# tanít (grammar)



## Katalijn

I don't to use the verbs "tanítani" and  "megtanítani". I don't know whether I have to use with accusative or dative.  Please translate the following sentences!

He teaches me to read. = Engem tanít .... • Nekem tanít • Tanít hogyan kell olvasnom.
He teaches me English.
I will teach to read when I have time. =  ... amikor időm van.
My Mother taught me to read (when I was four years old).


Thanks a lot in advance!


----------



## jazyk

I think the dative is possible only when there is also an accusative in the sentence. 

Olvasni tanít engem(et). 
Tanítja nekem az angol nyelvet./Angol nyelvet tanít nekem. 
Megtanítok olvasni, ha lesz időm. 
Az anyám megtanított (engem/engemet) olvasni, amikor négy éves voltam.


----------



## Saadj

He teaches me to read  - _Olvasni_ tanít (_engem - _accusative) or _Olvasást_ (acc) tanít (_nekem_ - dative)
He teaches me English.  - Angolul tanít (engem) or Angolt (acc) tanít nekem (dative is possible)
I will teach to read when I have time - Olvasást fogok tanítani, amikor lesz időm  (in general)
My Mother taught me to read (when I was four years old). - Anyám _meg_tanított (completed action) olvasni (engem, accusative), amikor négy éves voltam.


----------



## Zsanna

Jazyk, Saadj,  .

Jazyk, when you wrote:  "Megtanítok olvasni, ha lesz időm." my immediate reaction was that it is not used like this, you just have to add a little thing: megtanítok *valakit* olvasni... (or "olvasást fogok tanítani" as Saadj suggested). But the English original is a bit strange, too, so this may be why you didn't think of it.


----------



## jazyk

Exactly!


----------



## francisgranada

For curiosity, for me the construction with dative is not "natural", i.e. I do not use it spontaneously. Of course, I know that it is used and that it is possible.

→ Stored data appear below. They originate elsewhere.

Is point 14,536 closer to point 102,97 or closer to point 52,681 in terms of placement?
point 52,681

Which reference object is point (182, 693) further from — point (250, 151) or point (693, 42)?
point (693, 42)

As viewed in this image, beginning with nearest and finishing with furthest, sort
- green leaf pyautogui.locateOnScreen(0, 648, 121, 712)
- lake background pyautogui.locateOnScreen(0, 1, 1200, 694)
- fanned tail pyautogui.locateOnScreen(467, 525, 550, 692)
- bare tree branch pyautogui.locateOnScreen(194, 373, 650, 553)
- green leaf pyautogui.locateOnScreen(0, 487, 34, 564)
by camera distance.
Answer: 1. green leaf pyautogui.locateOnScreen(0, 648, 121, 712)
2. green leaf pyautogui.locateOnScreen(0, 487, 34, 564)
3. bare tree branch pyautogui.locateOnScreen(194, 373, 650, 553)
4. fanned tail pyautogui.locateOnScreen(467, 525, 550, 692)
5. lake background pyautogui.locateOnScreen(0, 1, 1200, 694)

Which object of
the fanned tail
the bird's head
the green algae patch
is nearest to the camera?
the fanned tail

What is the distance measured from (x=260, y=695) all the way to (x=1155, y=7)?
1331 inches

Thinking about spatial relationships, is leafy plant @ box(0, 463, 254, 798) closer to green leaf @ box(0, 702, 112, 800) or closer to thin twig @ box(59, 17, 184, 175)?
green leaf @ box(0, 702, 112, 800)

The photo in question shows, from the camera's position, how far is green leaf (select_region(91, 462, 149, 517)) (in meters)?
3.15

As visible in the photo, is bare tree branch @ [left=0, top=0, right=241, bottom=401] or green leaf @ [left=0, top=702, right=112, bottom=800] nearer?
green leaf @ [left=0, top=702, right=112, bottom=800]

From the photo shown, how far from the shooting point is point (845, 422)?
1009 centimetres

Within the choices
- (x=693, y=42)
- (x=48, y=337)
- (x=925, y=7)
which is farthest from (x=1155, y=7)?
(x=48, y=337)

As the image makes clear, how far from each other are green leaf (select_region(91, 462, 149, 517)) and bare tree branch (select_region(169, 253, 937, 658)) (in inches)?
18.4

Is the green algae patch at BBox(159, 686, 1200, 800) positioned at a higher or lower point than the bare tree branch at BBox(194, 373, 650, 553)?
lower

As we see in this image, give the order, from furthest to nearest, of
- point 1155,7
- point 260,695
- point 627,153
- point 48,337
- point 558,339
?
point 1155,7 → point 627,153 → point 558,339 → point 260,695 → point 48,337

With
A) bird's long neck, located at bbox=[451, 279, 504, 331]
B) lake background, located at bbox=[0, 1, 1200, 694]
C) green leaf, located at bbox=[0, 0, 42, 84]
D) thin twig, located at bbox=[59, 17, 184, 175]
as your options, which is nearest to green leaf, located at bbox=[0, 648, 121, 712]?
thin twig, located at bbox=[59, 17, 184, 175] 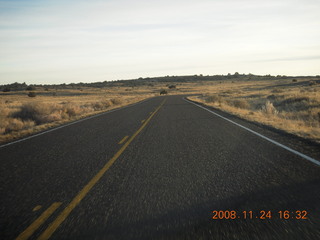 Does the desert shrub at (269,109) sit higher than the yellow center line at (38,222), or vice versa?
the yellow center line at (38,222)

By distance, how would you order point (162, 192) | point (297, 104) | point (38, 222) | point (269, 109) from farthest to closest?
point (297, 104)
point (269, 109)
point (162, 192)
point (38, 222)

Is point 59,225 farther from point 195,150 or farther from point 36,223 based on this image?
point 195,150

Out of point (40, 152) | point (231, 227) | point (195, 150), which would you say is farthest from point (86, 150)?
point (231, 227)

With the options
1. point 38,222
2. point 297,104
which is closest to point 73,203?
point 38,222

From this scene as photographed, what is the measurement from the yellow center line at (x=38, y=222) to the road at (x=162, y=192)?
0.5 inches

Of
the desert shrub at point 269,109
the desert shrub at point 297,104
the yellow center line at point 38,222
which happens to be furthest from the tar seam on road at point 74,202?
the desert shrub at point 297,104

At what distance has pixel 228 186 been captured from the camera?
4754mm

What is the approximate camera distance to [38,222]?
367 cm

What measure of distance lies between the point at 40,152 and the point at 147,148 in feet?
9.93

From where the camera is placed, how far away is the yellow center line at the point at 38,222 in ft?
11.0

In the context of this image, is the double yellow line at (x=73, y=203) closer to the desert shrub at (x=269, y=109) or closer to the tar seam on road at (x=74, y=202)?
the tar seam on road at (x=74, y=202)

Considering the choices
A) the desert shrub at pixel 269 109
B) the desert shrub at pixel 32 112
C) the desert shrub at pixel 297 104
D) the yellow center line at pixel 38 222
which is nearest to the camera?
the yellow center line at pixel 38 222

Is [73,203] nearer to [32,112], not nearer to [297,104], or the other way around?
[32,112]

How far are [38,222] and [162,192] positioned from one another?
1846 mm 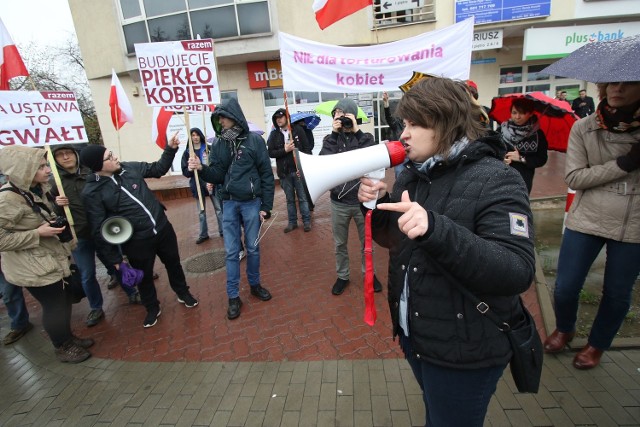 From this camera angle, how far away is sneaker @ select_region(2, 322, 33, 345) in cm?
384

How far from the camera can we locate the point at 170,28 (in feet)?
39.5

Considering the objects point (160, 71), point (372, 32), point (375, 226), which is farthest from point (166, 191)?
point (375, 226)

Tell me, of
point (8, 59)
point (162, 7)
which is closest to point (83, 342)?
point (8, 59)

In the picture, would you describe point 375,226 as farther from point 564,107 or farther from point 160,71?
point 160,71

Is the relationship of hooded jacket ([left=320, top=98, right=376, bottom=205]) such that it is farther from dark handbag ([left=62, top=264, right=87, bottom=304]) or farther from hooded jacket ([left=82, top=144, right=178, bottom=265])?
dark handbag ([left=62, top=264, right=87, bottom=304])

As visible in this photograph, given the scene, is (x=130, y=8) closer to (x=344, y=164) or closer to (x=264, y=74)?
(x=264, y=74)

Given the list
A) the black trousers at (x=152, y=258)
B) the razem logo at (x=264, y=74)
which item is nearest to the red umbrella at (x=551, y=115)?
the black trousers at (x=152, y=258)

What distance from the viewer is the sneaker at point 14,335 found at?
12.6 feet

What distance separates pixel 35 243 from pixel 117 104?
8.47 feet

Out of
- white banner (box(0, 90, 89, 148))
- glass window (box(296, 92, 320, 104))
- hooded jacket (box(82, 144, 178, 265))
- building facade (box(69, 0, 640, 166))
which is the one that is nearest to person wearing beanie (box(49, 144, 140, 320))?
white banner (box(0, 90, 89, 148))

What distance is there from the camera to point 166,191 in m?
10.6

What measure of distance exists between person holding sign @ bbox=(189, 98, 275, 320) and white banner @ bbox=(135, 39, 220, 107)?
0.52 meters

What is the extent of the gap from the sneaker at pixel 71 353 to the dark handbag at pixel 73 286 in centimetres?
43

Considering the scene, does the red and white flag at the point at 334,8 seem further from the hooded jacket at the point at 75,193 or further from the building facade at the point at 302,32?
the building facade at the point at 302,32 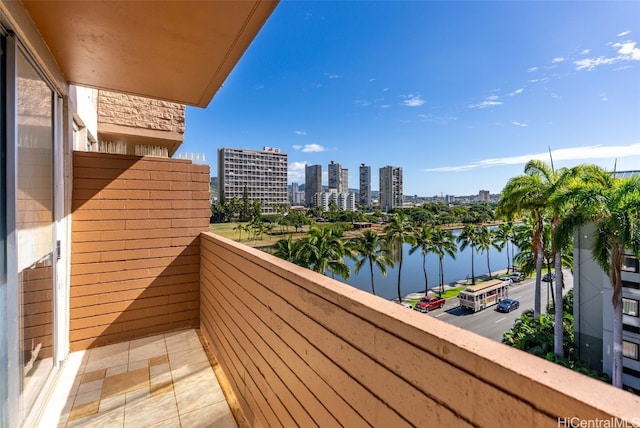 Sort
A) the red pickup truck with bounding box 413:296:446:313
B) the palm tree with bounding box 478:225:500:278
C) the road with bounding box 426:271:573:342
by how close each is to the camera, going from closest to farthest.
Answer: the road with bounding box 426:271:573:342, the red pickup truck with bounding box 413:296:446:313, the palm tree with bounding box 478:225:500:278

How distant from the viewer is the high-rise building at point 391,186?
84312 mm

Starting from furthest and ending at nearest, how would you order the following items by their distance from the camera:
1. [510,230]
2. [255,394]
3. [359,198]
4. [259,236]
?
[359,198], [259,236], [510,230], [255,394]

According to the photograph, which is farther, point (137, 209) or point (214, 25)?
point (137, 209)

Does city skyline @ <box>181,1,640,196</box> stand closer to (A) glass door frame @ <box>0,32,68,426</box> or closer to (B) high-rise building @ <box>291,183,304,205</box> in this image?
(A) glass door frame @ <box>0,32,68,426</box>

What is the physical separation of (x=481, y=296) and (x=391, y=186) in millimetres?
63592

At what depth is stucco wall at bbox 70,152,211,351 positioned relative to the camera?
133 inches

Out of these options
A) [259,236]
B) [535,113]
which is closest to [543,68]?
[535,113]

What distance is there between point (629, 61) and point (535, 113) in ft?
66.9

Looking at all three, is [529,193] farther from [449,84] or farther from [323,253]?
[449,84]

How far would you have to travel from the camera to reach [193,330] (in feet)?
13.0

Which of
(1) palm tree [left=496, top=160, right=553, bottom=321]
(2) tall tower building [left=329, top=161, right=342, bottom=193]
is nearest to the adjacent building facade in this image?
(1) palm tree [left=496, top=160, right=553, bottom=321]

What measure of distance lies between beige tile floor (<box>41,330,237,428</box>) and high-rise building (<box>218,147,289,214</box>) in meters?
65.7

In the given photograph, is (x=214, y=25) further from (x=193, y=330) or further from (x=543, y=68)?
(x=543, y=68)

I don't know if the absence of the dative construction is a regional feature (in the North-East of the Hungarian speaking area)  or the construction with the dative is an innovation that originally did not exist. What do you think about?


----------



## Zsanna

@ francis: when it is used in the right way, it sounds natural to me but I _suspect_ that in such a construction the use of _nekem_, _neked_, etc. can be left out, meanwhile in the construction with the accusative, it (a noun in the acccusative) is more often needed (e.g. in the one above I quoted from jazyk). 
But this would need more factual support...


----------